Anche in questa VI Domenica del Tempo Ordinario, la Parola di Dio illumina, interpreta e giudica la vicenda di Eluana, “segno di contraddizione” (Lc 2,34) per tutti e per ognuno, il cui significato ancor meglio si comprende adesso che le è stata tolta la vita. E il significato è questo: negli imperscrutabili disegni di Dio, tutto è accaduto “perché siano svelati i pensieri di molti cuori” (Lc 2,34-35).
Come l’autopsia serve ad accertare le cause organiche della morte di una persona, così l’evento della morte di Eluana ne ha svelato la causa prima di ordine morale e spirituale: un’autopsia compiuta da lei su quelli che, materialmente per azione diretta, o moralmente per approvazione, le hanno tolto il sondino.
L’autopsia si fa con il bisturi, per scoprire la verità clinica.

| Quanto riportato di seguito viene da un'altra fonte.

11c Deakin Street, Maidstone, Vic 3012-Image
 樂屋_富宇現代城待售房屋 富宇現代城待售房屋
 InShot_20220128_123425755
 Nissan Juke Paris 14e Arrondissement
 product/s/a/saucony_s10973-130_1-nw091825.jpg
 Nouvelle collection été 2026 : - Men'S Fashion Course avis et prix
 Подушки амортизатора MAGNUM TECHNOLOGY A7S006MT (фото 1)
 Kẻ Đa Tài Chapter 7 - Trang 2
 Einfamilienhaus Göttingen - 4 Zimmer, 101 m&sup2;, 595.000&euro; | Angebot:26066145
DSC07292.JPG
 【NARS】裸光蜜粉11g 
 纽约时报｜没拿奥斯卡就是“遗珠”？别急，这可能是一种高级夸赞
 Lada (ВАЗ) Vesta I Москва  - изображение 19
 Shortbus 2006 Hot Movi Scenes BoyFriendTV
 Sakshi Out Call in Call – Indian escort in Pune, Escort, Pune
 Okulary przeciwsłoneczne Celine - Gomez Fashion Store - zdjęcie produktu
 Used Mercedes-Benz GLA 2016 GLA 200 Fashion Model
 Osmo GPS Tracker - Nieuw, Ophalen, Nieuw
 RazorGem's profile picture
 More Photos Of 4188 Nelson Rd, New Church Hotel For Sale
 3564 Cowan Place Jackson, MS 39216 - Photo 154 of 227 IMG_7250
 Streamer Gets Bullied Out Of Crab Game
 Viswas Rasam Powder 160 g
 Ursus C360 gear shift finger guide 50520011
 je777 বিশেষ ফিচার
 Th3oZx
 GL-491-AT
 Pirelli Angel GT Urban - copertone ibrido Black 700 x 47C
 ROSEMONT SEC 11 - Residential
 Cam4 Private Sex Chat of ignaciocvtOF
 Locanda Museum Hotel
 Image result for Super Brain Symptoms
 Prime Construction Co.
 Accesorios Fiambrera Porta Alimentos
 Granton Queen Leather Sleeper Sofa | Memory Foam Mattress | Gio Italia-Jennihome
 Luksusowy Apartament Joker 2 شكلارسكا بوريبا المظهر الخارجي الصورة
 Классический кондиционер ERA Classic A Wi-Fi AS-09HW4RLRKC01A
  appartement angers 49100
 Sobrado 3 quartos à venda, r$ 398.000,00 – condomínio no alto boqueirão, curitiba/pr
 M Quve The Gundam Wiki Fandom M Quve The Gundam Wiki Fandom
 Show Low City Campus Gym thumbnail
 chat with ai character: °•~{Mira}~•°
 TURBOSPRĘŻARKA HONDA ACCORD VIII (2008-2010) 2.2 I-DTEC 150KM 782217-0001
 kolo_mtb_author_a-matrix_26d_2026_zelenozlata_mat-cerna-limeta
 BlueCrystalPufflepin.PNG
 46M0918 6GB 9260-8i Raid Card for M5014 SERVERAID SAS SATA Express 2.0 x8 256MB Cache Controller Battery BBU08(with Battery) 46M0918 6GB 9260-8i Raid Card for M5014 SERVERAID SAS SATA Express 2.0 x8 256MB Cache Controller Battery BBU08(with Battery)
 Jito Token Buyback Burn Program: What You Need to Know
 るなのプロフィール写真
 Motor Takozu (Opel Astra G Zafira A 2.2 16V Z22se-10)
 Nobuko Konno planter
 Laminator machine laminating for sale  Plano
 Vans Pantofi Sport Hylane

Il bisturi della “Verità” è la Parola di Dio: “viva, efficace e più tagliente di ogni spada a doppio taglio; essa penetra fino al punto di divisione dell’anima e dello spirito, fino alle giunture e alle midolla, e discerne i sentimenti e i pensieri del cuore” (Eb 4,12).
In questa VI Domenica il bisturi ha un nome: Eluana.
Il Vangelo racconta la guarigione di un lebbroso e viene preparato dalla prima lettura che parla dei criteri diagnostici di questa malattia secondo l’Antico Testamento, con una serie di norme che hanno soprattutto lo scopo di difendere la comunità dal contagio, isolando totalmente il malato: “Il lebbroso colpito da piaghe porterà vesti strappate e il capo scoperto.., se ne starà solo, abiterà fuori dell’accampamento” (Lv 13,45-46).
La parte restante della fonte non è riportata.